At the heart of the Radeon RX 7000 series will be AMD’s new RDNA 3 microarchitecture. While RDNA 2 was more colloquially referred to as “Big Navi” by gamers and Navi 2x by AMD executives, RDNA 3 is rumored to be referred to as Navi 33.

“Navi 33 (?) = Navi 21 + Next Gen IP Core,” Twitter user @KittyYYuko wrote in a cryptic tweet, as reported by Wccftech. On face value, we can expect Navi 33, or RDNA 3, to possess the same performance of AMD’s RDNA 2 plus uplift from the company’s “next generation IP core.” For its part, AMD executives have been teasing huge performance improvements with RDNA 3, though the company has not revealed specifics about the upcoming architectural change.

Though unconfirmed, it’s expected that the change to a 5nm process from a 7nm process will help drive some of this performance boost, and RDNA 3 will likely be manufactured by partner TSMC.

And if the chip is configured similarly to RDNA 2, we can likely expect 80 compute units for a total of 5,120 stream processors. An earlier rumor listing Navi 31 suggested that RDNA 3 will feature 80 CUs, but the architecture will be based on an entirely new design.

AMD could potentially use a multi-chip module (MCM), or chiplet, design borrowed from the architecture used on its Ryzen processors for RDNA 3. This change in design will allow the company to double the number of compute units on each die, for a total of 160 compute units and 10,240 stream processors.
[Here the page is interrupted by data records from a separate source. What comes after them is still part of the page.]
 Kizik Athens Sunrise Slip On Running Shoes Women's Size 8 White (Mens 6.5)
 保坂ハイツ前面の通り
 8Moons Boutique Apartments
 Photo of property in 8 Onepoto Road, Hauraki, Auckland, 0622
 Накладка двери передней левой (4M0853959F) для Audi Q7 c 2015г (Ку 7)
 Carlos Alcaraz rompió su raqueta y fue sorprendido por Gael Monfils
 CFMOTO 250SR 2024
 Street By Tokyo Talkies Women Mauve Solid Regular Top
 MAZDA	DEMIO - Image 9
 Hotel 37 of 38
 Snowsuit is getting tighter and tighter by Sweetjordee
This would in effect double the amount of compute units on the Radeon RX 6900 XT. AMD will likely have several configurations in the series, and a Navi 32 SKU could contain 120 to 140 compute units using the same MCM design.

If all else is the same, we can expect AMD’s GPUs to ship with at least 12GB of VRAM. The company had previously claimed that 12GB of RAM on GPUs is the minimum requirement to be future-proof when playing AAA titles. Current AMD GPUs ship with GDDR6 memory, and we can expect the same with Radeon RX 7000 since Nvidia has an exclusive on the faster GDDR6X standard.

Unlike with RDNA 2, which is also found in gaming consoles, RDNA 3 will likely remain limited to PC gamers. This is because consoles have a shelf life of four to six years, and the actual processing and graphics hardware is typically not upgraded during this time. And even though RDNA 3 won’t be headed to consoles, we do expect to see mobile variants of the Radeon RX 7000 series for laptop gaming. Mobile RX 7000 laptops will likely launch sometime after PC cards have debuted.

Performance

Riley Young/Digital Trends

AMD had claimed in the past that the shift from its GCN architecture to first-ten RDNA brought a massive 50% performance-per-watt improvement, and the move from RDNA to the current RDNA 2 design delivered an additional 50% improvement. The move from RDNA 2 to RDNA 3 could result in an even bigger jump in performance.

Early reports suggest that gamers can potentially see a performance improvement of 2.5x, or 250%, over RDNA 2, helping AMD to break its 50% gen-on-gen performance improvement history. So far, though, we haven’t seen any leaked benchmarks to confirm these early theories, but if AMD is able to double the number of compute units and stream processors utilizing the chiplet design ported from its CPUs, we can expect to see some big upticks in graphics performance.

While the RDNA 2 architecture delivered support for ray-tracing for the first time on AMD’s GPUs, making them competitive against rival Nvidia’s RT 2000 and RTX 3000 series graphics cards, we expect AMD will have more to say about improved performance in this area when Radeon RX 7000 series launches.

Even though the company’s Radeon RX 6000 series cards were widely praised for their performance, early reviewers lamented that without a comparable alternative to Nvidia’s DLSS — deep learning super sampling — feature on RTX cards, ray tracing performance on Radeon cards often lagged behind their counterparts. Hopefully, AMD will have its answer to DLSS by the time RX 7000 cards launch to improve frame rates when ray-tracing is enabled. AMD’s yet-to-be released competitor is known as Super Resolution, though the feature hasn’t been released yet.

Still, not a lot of information is known about RDNA 3 at this time, and we don’t know any details about the GPU’s overall design yet.